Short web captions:
------------------------------------

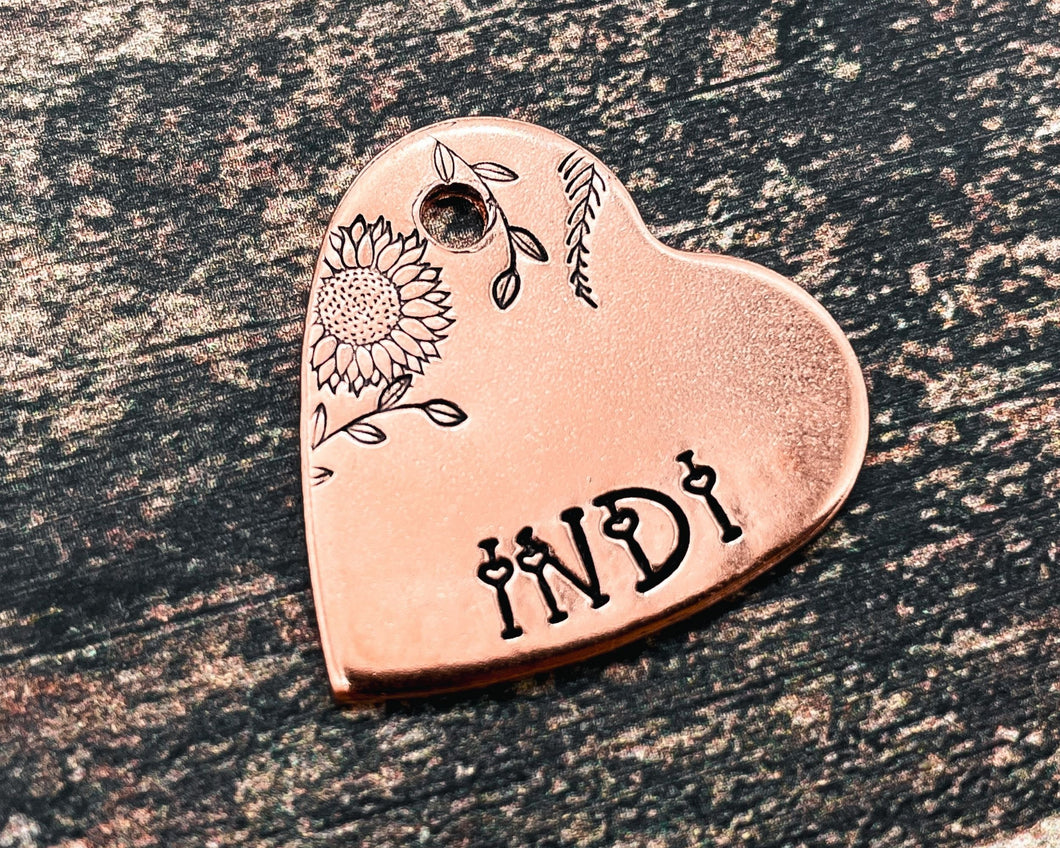 heart dog tag with flowers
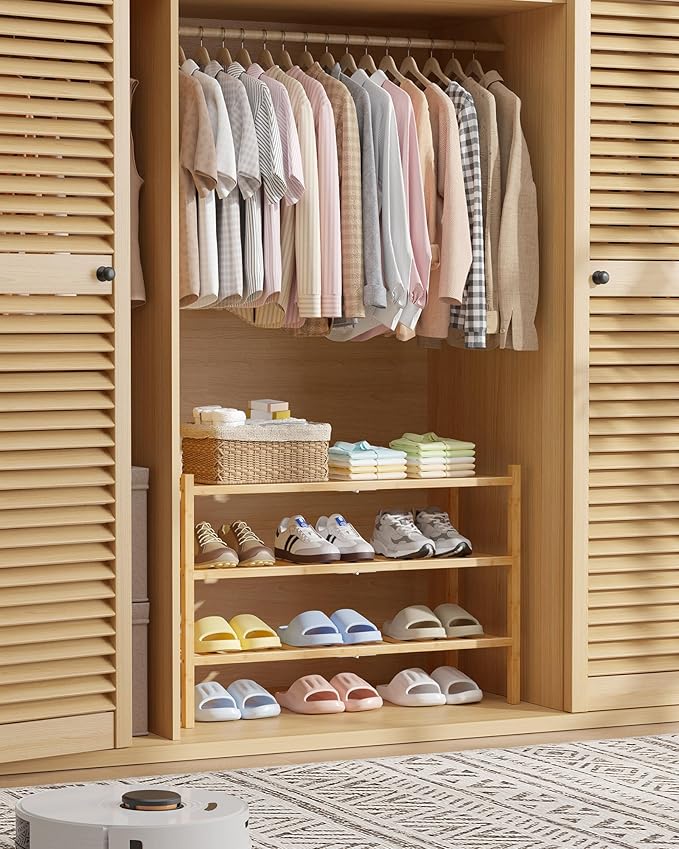Kitsure Bamboo Wooden Shoe Rack for Closet - Stackable Shoe Organizer with Modular Structure, Space-Saving Shoe Shelf for Entryway, Living Room, Bedroom, 26.8" x 11" x 18.9", Natural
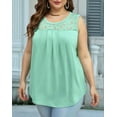 thumbnail image 6 of Summer Tank Tops for Women Loose Fit Pleated Tunics Scoop Neck Sleeveless Lace Tops Curved Hem Flowy Lake Green XL, 6 of 7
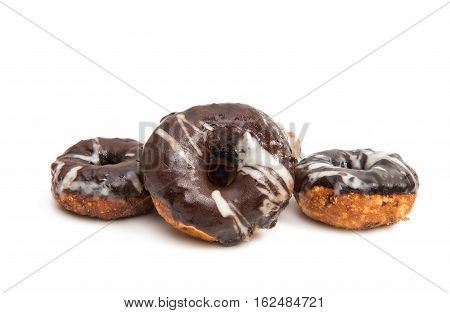 Chocolate sugar donut isolated on white background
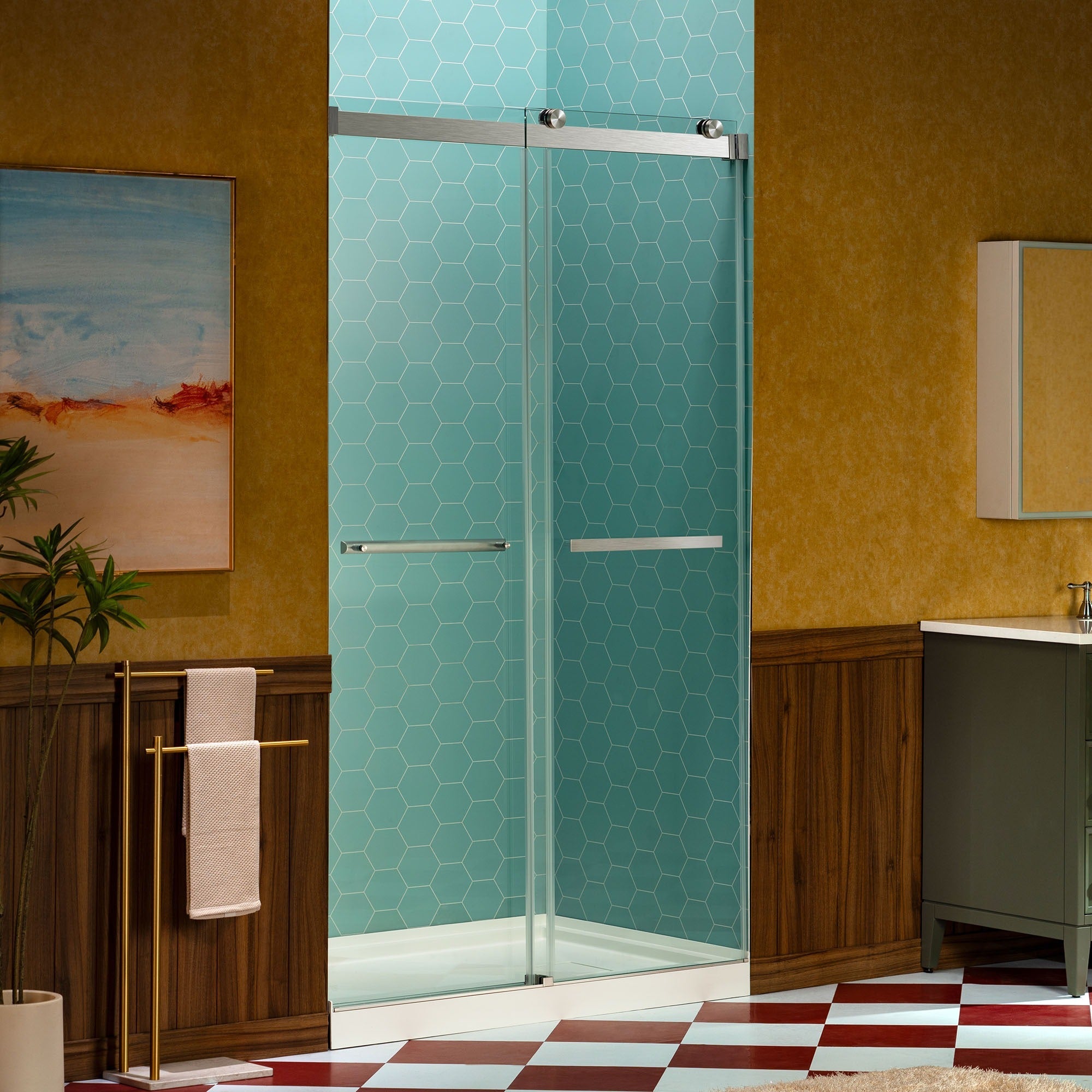 WOODBRIDGE Frameless Double Sliding Shower Door, 44-48" Width x 80"Height with 5/16"(8mm) Clear Tempered Glass, SURFK-4880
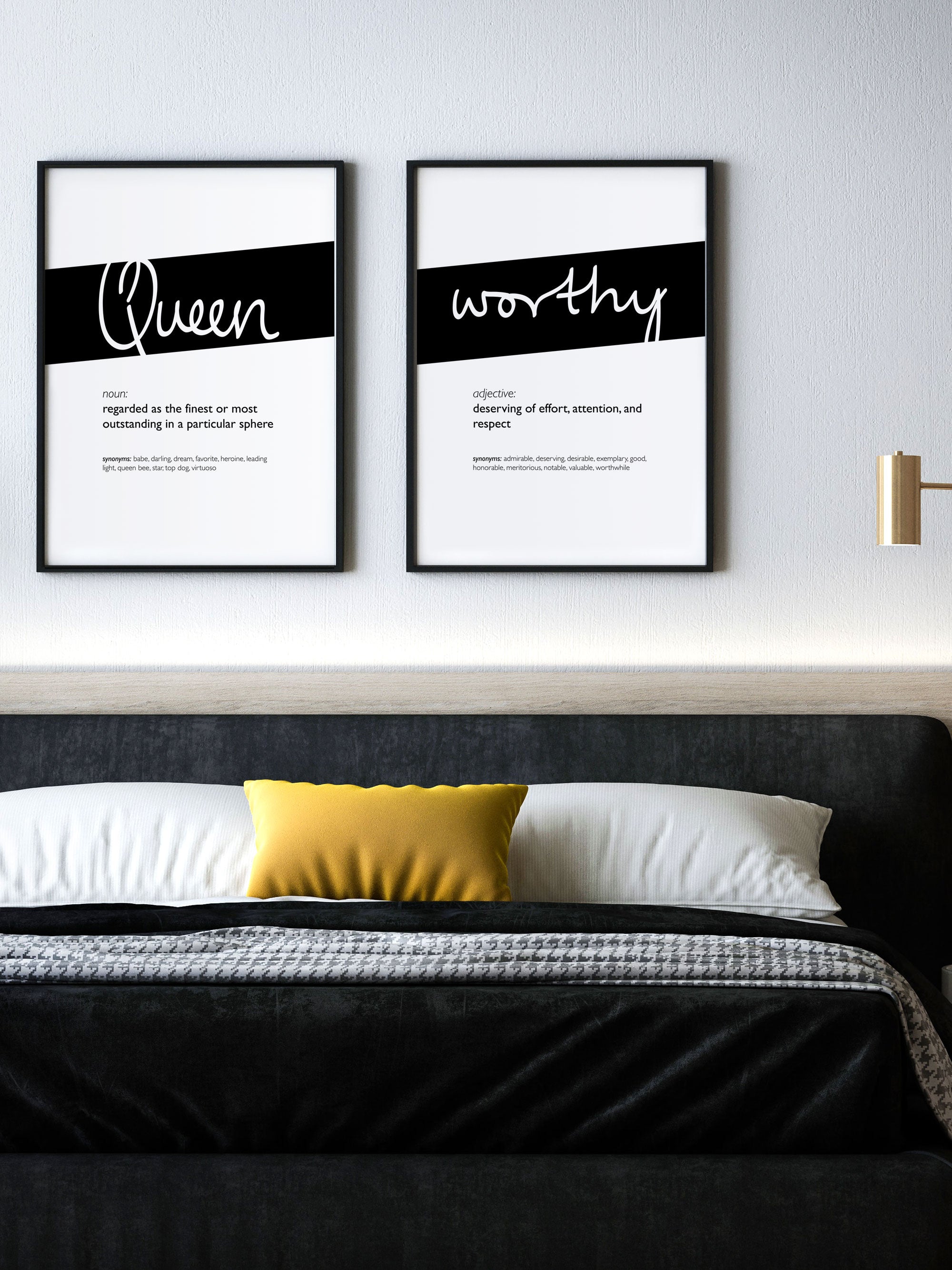 Framed Black Queen Print With Word Definition - High Quality, Affordable, Hand Written, Empowering, Self Love, Mantra Word Print. Archival-Quality, Matte Giclée Print - Brevity Jewelry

------------------------------------

- INSTRUCTIONS FOR THE TASK:
From the entries above, write out every line without a single change, skipping the images.

- FINISHED TASK:
 heart dog tag with flowers
Kitsure Bamboo Wooden Shoe Rack for Closet - Stackable Shoe Organizer with Modular Structure, Space-Saving Shoe Shelf for Entryway, Living Room, Bedroom, 26.8" x 11" x 18.9", Natural
 thumbnail image 6 of Summer Tank Tops for Women Loose Fit Pleated Tunics Scoop Neck Sleeveless Lace Tops Curved Hem Flowy Lake Green XL, 6 of 7
 Chocolate sugar donut isolated on white background
 WOODBRIDGE Frameless Double Sliding Shower Door, 44-48" Width x 80"Height with 5/16"(8mm) Clear Tempered Glass, SURFK-4880
 Framed Black Queen Print With Word Definition - High Quality, Affordable, Hand Written, Empowering, Self Love, Mantra Word Print. Archival-Quality, Matte Giclée Print - Brevity Jewelry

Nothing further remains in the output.